Dataset entries
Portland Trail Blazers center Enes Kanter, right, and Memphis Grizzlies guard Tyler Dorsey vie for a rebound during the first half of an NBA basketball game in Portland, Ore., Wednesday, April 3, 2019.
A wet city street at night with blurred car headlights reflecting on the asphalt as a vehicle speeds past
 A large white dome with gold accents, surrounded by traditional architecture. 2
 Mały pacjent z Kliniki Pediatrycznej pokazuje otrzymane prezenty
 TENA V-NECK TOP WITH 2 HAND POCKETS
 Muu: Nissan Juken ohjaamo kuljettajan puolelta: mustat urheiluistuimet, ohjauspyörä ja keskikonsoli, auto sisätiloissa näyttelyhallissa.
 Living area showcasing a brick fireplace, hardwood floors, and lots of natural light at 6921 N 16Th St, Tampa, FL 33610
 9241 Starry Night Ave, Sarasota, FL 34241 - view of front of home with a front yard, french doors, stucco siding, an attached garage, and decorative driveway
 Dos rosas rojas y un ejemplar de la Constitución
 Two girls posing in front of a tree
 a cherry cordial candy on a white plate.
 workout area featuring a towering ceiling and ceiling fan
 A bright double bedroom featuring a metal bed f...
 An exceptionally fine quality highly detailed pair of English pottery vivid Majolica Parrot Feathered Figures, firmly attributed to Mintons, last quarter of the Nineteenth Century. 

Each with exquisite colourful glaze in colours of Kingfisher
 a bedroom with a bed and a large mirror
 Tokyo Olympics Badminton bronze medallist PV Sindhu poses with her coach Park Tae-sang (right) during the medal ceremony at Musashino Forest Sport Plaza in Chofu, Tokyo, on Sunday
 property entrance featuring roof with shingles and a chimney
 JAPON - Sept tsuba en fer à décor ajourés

### Work item
Set down all of the data above again, exactly.

### Answer area
Portland Trail Blazers center Enes Kanter, right, and Memphis Grizzlies guard Tyler Dorsey vie for a rebound during the first half of an NBA basketball game in Portland, Ore., Wednesday, April 3, 2019.
A wet city street at night with blurred car headlights reflecting on the asphalt as a vehicle speeds past
 A large white dome with gold accents, surrounded by traditional architecture. 2
 Mały pacjent z Kliniki Pediatrycznej pokazuje otrzymane prezenty
 TENA V-NECK TOP WITH 2 HAND POCKETS
 Muu: Nissan Juken ohjaamo kuljettajan puolelta: mustat urheiluistuimet, ohjauspyörä ja keskikonsoli, auto sisätiloissa näyttelyhallissa.
 Living area showcasing a brick fireplace, hardwood floors, and lots of natural light at 6921 N 16Th St, Tampa, FL 33610
 9241 Starry Night Ave, Sarasota, FL 34241 - view of front of home with a front yard, french doors, stucco siding, an attached garage, and decorative driveway
 Dos rosas rojas y un ejemplar de la Constitución
 Two girls posing in front of a tree
 a cherry cordial candy on a white plate.
 workout area featuring a towering ceiling and ceiling fan
 A bright double bedroom featuring a metal bed f...
 An exceptionally fine quality highly detailed pair of English pottery vivid Majolica Parrot Feathered Figures, firmly attributed to Mintons, last quarter of the Nineteenth Century. 

Each with exquisite colourful glaze in colours of Kingfisher
 a bedroom with a bed and a large mirror
 Tokyo Olympics Badminton bronze medallist PV Sindhu poses with her coach Park Tae-sang (right) during the medal ceremony at Musashino Forest Sport Plaza in Chofu, Tokyo, on Sunday
 property entrance featuring roof with shingles and a chimney
 JAPON - Sept tsuba en fer à décor ajourés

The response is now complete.